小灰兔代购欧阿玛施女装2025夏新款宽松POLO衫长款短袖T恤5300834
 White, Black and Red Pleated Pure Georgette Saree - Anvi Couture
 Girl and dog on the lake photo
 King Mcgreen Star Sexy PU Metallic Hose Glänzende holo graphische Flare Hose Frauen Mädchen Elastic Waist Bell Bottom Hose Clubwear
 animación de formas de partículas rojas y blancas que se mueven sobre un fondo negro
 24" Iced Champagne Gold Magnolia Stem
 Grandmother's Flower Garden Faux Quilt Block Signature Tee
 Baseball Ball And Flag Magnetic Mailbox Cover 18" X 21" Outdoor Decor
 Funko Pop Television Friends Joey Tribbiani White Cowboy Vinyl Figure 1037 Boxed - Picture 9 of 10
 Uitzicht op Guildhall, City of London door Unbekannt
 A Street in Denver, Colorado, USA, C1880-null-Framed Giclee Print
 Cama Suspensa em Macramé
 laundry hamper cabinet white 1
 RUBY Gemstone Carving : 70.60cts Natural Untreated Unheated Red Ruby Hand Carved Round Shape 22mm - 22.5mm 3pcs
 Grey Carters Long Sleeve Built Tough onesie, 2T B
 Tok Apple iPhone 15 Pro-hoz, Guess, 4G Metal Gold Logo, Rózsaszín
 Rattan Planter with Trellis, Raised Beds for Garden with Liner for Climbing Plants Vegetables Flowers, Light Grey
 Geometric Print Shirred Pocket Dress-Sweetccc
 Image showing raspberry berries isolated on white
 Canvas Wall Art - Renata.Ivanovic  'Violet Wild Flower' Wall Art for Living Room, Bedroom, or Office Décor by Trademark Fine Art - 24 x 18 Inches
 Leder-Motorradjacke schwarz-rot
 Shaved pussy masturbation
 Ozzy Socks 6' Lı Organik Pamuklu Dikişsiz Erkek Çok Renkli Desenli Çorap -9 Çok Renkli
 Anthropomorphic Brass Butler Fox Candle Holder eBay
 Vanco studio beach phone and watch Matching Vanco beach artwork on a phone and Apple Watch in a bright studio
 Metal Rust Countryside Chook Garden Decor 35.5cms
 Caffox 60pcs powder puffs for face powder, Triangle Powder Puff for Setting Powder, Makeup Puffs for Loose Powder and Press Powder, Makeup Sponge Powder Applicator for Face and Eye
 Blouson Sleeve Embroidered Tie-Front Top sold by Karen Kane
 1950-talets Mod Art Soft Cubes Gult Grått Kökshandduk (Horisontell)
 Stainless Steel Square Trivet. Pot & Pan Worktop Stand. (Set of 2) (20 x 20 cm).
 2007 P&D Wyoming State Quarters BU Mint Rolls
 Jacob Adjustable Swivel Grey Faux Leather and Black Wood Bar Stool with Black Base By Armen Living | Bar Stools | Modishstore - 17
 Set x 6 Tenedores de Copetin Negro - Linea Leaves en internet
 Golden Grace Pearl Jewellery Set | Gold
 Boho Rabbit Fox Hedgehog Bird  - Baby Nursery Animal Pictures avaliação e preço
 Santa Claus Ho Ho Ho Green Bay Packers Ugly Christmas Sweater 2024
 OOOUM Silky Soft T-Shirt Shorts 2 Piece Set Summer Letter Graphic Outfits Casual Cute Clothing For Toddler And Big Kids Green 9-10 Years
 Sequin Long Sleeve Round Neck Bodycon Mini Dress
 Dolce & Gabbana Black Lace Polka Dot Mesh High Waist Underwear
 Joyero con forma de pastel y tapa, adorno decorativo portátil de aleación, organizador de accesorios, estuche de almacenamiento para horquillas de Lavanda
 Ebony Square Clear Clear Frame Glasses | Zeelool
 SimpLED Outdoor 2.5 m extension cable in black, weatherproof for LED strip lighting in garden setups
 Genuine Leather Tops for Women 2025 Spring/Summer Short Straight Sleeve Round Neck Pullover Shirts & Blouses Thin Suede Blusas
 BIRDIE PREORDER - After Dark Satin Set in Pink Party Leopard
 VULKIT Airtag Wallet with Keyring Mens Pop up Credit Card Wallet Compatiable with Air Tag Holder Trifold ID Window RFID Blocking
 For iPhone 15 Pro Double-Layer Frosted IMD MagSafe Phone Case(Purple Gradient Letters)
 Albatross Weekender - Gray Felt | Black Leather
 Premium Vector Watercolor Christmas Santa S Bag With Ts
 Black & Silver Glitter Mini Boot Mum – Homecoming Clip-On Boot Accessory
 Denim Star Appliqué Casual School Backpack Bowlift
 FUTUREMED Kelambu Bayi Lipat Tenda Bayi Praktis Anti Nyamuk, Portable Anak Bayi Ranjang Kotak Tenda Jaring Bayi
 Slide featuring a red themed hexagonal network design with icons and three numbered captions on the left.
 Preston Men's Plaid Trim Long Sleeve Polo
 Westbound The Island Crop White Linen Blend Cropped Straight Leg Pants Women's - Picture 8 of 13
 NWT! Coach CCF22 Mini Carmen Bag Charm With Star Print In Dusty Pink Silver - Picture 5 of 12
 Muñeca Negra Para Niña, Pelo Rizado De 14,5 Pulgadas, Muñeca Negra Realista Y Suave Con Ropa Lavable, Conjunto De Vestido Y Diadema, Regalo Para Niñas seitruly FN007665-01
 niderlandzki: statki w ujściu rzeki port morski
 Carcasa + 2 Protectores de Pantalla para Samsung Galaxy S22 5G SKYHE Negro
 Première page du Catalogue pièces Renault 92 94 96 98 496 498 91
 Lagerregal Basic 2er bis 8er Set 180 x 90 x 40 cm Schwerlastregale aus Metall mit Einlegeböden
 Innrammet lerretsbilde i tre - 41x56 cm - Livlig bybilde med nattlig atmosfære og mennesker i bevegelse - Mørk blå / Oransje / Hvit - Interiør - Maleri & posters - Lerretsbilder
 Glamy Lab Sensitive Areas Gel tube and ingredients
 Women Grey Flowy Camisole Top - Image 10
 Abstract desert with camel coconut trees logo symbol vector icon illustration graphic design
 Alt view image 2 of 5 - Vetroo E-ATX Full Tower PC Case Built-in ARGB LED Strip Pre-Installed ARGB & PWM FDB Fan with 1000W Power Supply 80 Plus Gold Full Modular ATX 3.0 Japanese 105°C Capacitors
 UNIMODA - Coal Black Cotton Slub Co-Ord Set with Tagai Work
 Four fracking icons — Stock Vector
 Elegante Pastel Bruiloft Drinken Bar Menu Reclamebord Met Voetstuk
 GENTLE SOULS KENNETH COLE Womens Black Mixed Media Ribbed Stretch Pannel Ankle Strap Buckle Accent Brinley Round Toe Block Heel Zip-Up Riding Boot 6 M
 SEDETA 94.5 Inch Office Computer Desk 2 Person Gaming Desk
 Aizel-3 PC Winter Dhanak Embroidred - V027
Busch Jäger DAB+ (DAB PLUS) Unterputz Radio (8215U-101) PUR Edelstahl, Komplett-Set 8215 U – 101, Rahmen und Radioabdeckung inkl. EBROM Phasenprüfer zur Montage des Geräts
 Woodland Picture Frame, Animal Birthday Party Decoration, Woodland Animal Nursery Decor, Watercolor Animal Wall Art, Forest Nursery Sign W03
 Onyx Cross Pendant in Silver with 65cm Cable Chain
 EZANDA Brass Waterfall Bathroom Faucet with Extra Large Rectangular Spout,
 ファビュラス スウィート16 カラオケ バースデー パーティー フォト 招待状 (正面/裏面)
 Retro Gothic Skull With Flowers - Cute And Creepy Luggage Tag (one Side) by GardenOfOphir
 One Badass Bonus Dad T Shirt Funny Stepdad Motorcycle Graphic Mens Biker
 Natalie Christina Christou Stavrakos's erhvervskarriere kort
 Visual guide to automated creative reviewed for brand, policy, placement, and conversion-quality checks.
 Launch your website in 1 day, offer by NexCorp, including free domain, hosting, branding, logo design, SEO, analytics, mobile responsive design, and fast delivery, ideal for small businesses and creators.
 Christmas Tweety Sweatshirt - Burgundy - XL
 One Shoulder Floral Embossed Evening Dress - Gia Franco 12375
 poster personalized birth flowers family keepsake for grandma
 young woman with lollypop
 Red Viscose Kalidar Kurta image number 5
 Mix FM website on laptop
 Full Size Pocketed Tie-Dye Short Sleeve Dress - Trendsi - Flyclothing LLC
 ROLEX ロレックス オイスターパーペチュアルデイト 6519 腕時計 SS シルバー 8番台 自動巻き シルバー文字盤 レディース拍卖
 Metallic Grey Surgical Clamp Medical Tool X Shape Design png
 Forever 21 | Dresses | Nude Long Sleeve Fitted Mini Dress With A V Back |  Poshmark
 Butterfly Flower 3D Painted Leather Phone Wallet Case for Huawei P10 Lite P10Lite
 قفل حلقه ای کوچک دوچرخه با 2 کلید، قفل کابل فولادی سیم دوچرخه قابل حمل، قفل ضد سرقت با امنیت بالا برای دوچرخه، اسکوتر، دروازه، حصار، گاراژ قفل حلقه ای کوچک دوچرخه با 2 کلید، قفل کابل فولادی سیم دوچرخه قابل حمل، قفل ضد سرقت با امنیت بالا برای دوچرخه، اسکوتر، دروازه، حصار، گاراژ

> HOW TO COMPLETE THIS TASK
Whenever a line in the data holds "Straight", copy that line.

> YOUR RESPONSE
 Genuine Leather Tops for Women 2025 Spring/Summer Short Straight Sleeve Round Neck Pullover Shirts & Blouses Thin Suede Blusas
 Westbound The Island Crop White Linen Blend Cropped Straight Leg Pants Women's - Picture 8 of 13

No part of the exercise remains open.